Give back the full set of entries exactly, keeping each line intact.
═══
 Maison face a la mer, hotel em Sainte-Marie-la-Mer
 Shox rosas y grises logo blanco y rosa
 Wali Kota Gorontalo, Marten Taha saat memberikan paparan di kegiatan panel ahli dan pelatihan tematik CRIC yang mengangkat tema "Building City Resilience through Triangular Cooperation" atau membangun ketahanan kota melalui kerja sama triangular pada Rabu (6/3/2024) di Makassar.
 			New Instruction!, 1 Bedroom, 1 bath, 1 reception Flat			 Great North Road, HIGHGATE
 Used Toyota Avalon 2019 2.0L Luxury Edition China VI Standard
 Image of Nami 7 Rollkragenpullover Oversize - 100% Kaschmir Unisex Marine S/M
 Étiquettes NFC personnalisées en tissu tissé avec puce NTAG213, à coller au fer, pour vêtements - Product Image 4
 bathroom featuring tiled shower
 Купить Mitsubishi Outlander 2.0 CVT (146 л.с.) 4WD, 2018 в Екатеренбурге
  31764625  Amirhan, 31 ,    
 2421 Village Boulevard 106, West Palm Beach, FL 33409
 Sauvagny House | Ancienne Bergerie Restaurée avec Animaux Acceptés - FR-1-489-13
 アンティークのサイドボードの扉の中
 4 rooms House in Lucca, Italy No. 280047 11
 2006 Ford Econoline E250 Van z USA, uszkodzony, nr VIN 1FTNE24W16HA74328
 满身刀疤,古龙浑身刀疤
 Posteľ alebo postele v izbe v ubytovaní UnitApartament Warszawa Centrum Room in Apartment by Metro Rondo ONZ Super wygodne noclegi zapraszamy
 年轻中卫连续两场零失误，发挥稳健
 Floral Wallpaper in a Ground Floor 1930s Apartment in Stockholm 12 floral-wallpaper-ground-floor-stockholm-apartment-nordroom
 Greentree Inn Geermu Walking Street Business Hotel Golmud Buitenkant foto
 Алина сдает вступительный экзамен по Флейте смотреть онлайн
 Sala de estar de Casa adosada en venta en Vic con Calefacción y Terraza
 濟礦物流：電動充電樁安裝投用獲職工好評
═══
• Output of the exercise:
 Maison face a la mer, hotel em Sainte-Marie-la-Mer
 Shox rosas y grises logo blanco y rosa
 Wali Kota Gorontalo, Marten Taha saat memberikan paparan di kegiatan panel ahli dan pelatihan tematik CRIC yang mengangkat tema "Building City Resilience through Triangular Cooperation" atau membangun ketahanan kota melalui kerja sama triangular pada Rabu (6/3/2024) di Makassar.
 			New Instruction!, 1 Bedroom, 1 bath, 1 reception Flat			 Great North Road, HIGHGATE
 Used Toyota Avalon 2019 2.0L Luxury Edition China VI Standard
 Image of Nami 7 Rollkragenpullover Oversize - 100% Kaschmir Unisex Marine S/M
 Étiquettes NFC personnalisées en tissu tissé avec puce NTAG213, à coller au fer, pour vêtements - Product Image 4
 bathroom featuring tiled shower
 Купить Mitsubishi Outlander 2.0 CVT (146 л.с.) 4WD, 2018 в Екатеренбурге
  31764625  Amirhan, 31 ,    
 2421 Village Boulevard 106, West Palm Beach, FL 33409
 Sauvagny House | Ancienne Bergerie Restaurée avec Animaux Acceptés - FR-1-489-13
 アンティークのサイドボードの扉の中
 4 rooms House in Lucca, Italy No. 280047 11
 2006 Ford Econoline E250 Van z USA, uszkodzony, nr VIN 1FTNE24W16HA74328
 满身刀疤,古龙浑身刀疤
 Posteľ alebo postele v izbe v ubytovaní UnitApartament Warszawa Centrum Room in Apartment by Metro Rondo ONZ Super wygodne noclegi zapraszamy
 年轻中卫连续两场零失误，发挥稳健
 Floral Wallpaper in a Ground Floor 1930s Apartment in Stockholm 12 floral-wallpaper-ground-floor-stockholm-apartment-nordroom
 Greentree Inn Geermu Walking Street Business Hotel Golmud Buitenkant foto
 Алина сдает вступительный экзамен по Флейте смотреть онлайн
 Sala de estar de Casa adosada en venta en Vic con Calefacción y Terraza
 濟礦物流：電動充電樁安裝投用獲職工好評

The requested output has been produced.